Heading to inspect suspected tunnel
The vehicles were heading to inspect a suspected tunnel when the Taliban struck, firing mortars that landed close by. Machine gunners atop the vehicles and troops in an open-sided truck scanned the scene for plumes from weapons fire.
"We're taking fire from both sides here!" Lance Cpl. James Yon yelled.
"Hit 'em Yon!" came the call from below.
Hours of exchanges followed, with the Taliban opening fire with mortars, rocket-propelled grenades, machine-gun fire and rockets from the orchards or inside walled compounds.
A mortar punctured the tire of a Humvee; a grenade swooshed just over a troop truck.
"That was close," Daly said. "If they were a better shot, we'd be canceling Christmas."

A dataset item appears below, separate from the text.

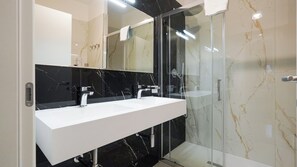 Slippers, towels - SUITES 51 (Rome)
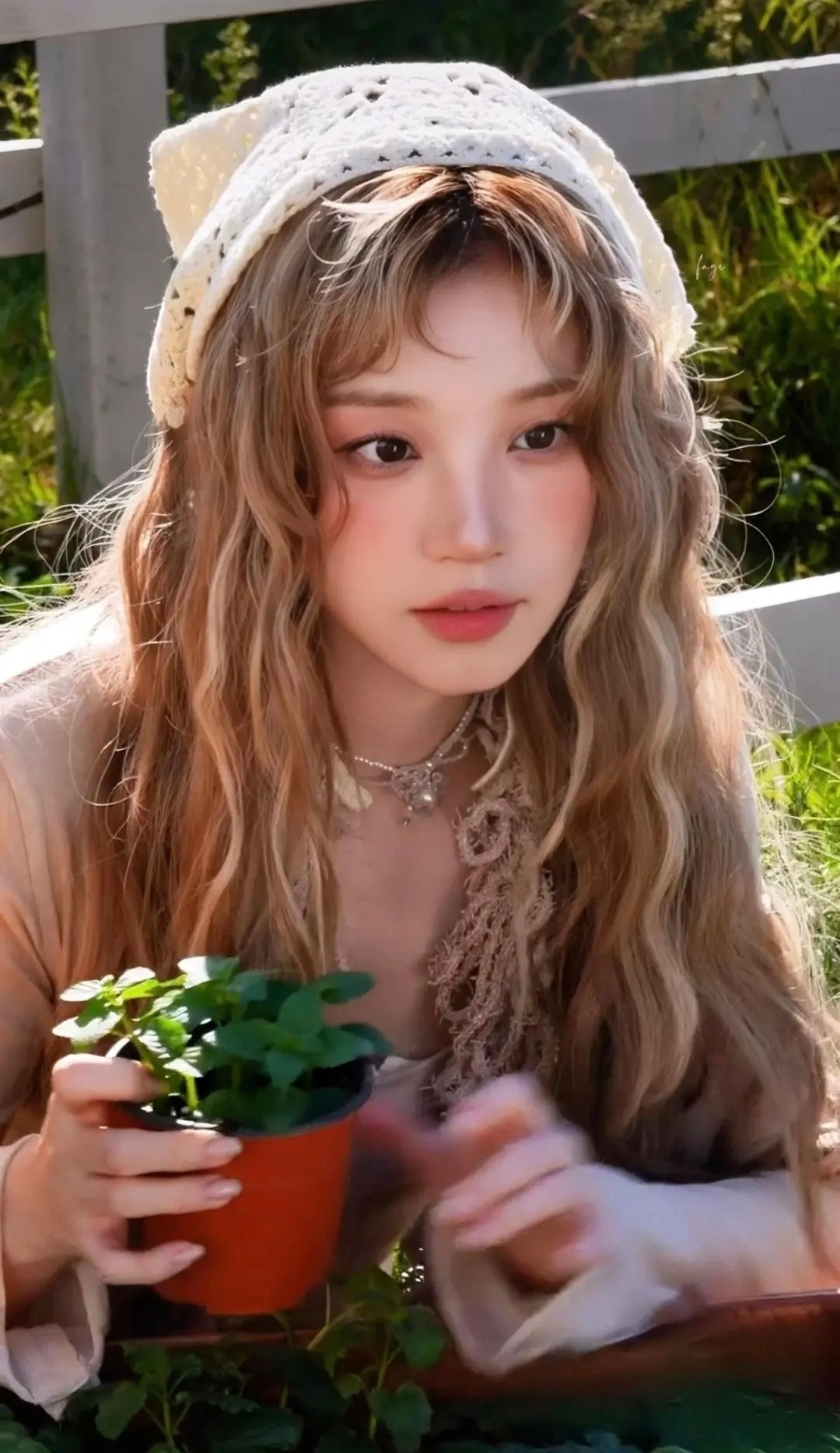 Today's most popular wallpaper in the Yuqi (i-dle) community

Each time the insurgents attacked, the Marines returned fire if they could spot their foes or radioed in coordinates for air strikes.
"Bombs are away," a voice crackled over the radio as Dutch fighter jets dropped laser-guided bombs on a compound, sending clouds of dust mushrooming into the air. The planes then strafed the position, leaving a line of fire and destruction 50 yards long. Other times mortar teams back at the base in Now Zad pummeled enemy positions.
Final close call
The Marines left their vehicles twice. Each time, they came under attack as they entered maze-like, high-walled compounds with ill-fitting, aging wooden doors and small windows, ideal for sniper positions.
In the late afternoon, U.S. forces fired two missiles from 55 miles away to hit a compound being used by the attackers. Minutes later, Marine Harrier jets strafed the compound, setting fire to a wheat field outside it but sparing a poppy patch — an irony not lost on the troops.
The Marines got their final close call as they assessed the compound for damage.
After blowing a hole through the wall, Medlin and Daly were met by a hail of bullets as they pressed up an alley.
"Gunner, are you good? You need to come back!" one Marine shouted into the gathering gloom. "I'll cover you!"
The two man leapt to safety. Daly sprained his ankle as he leapt from a wall, but that was the only Marine injury.
Twenty minutes after the troops withdrew, two Cobra helicopters fired a Hellfire missile that streaked at a 45-degree angle across the night sky into the building, then bombed and strafed it, igniting a blaze.
"Payback time," one Marine muttered in the dark of a truck; cheers erupted in another vehicle.
There were no confirmed Taliban casualties, but observers later spotted a funeral, and video images suggested others were killed in the aerial attacks.
Capt. Zachary Martin said such sustained contact sent the militants a message that they were not safe anywhere and bought the Marines — and the few civilians in the area — some "security space."
"We kicked the snot out of these guys," he told the Marines on their return to base, some 14 hours after they left.